Pour elle, "la radicalité fait gagner. Aujourd'hui, on a besoin de retrouver des valeurs, de retrouver pour quoi on se lève le matin, de retrouver une envie de faire des choses, une envie de faire de la politique, une envie d'aller au travail, une envie de vivre".
Ces dernières semaines, certaines de ses petites phrases ont créé des polémiques sur les réseaux sociaux, à l'image de l'évocation de son mari, un homme "déconstruit", jeudi matin. Un "wokisme" que la droite n'hésite pas à tacler. Surtout que Sandrine Rousseau fit donc partie, en 2016, des débuts du mouvement #MeToo, durant lequel elle accusa, entourée d'autres femmes, Denis Baupin, à l'époque vice-président EELV de l’Assemblée nationale, de harcèlement et d’agressions sexuelles. Un "crime féministe" que ne lui ont pas pardonné les masculinistes.
Quelqu'un comme Emmanuel Macron n'a pas déconstruit les discriminations. Et c'est un problème.
— Sandrine Rousseau 🌻🌊 (@sandrousseau) September 23, 2021
La déconstruction est une démarche personnelle, ça demande du temps, des lectures, et une volonté aussi de déconstruire les a priori que nous pouvons chacun·e avoir. pic.twitter.com/cl8cqKVxvP
"L’écologie, ce n’est pas des hommes blancs à vélo", enfonce-t-elle. "Notre système économique, social et sociétal est fondé sur le triptyque : nous prenons, nous utilisons et nous jetons. Le corps des femmes, le corps des plus précaires dans la société, le corps des racisés. Nous ne voulons plus de ce système-là."

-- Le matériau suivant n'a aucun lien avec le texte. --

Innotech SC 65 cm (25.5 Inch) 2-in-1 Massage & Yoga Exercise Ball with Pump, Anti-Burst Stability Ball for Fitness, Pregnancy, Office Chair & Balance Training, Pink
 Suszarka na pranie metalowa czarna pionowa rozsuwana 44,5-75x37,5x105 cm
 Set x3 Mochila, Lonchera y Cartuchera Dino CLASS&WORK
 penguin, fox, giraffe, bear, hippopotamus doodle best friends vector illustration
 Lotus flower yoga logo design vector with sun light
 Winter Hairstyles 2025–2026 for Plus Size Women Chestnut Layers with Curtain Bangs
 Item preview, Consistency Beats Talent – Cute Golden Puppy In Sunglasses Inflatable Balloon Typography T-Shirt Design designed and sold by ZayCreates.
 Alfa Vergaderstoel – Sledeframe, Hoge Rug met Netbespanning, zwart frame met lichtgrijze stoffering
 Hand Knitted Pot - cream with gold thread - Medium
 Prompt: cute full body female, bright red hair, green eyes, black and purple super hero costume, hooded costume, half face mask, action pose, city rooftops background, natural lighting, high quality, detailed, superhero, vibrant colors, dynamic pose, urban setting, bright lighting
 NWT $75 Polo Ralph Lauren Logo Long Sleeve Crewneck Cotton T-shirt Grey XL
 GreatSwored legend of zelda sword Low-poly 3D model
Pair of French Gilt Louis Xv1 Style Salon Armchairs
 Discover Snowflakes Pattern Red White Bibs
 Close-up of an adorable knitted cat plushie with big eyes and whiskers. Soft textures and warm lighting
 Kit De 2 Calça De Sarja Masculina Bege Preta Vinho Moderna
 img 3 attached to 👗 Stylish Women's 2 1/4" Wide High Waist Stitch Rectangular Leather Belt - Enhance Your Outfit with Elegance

Face à la multiplication des candidats à gauche, elle dit vouloir "discuter avec tous les partenaires de gauche et essayer de faire une candidature unique". Elle rejoint donc son adversaire du moment sur ce point. Tout en précisant : "il n'y a pas d'équation aussi évidente qu'on le présente parfois". Jeudi soir sur Mediapart, elle regrettait surtout que la gauche et les écologistes aient "perdu des batailles culturelles" face à l'extrême droite. Là aussi un point de convergence avec Yannick Jadot. Les ennemis communs, ça rapproche.

Deux visions opposées des enjeux environnementaux
Deux visions du monde, de la planète et des enjeux environnementaux s'affronteront donc dans quelques jours. Au-delà de la différence de personnalités, ce deuxième tour de la primaire EELV, qui aura lieu en ligne du 25 au 28 septembre (pour les 122 000 électeurs verts inscrits), opposera "une écologie de gouvernement prête à assumer ses responsabilités" (comme la décrit Yannick Jadot) et une écologie "de gauche, radicale, sociale" (comme la qualifie elle-même Sandrine Rousseau). Le match promet d'être serré et passionnant.